(PROBLEM):
Could you give back the whole listing exactly as written?

(COLLECTED DATA):
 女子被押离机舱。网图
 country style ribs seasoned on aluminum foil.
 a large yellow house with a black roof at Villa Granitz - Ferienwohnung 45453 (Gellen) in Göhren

(EXERCISE RESULT):
 女子被押离机舱。网图
 country style ribs seasoned on aluminum foil.
 a large yellow house with a black roof at Villa Granitz - Ferienwohnung 45453 (Gellen) in Göhren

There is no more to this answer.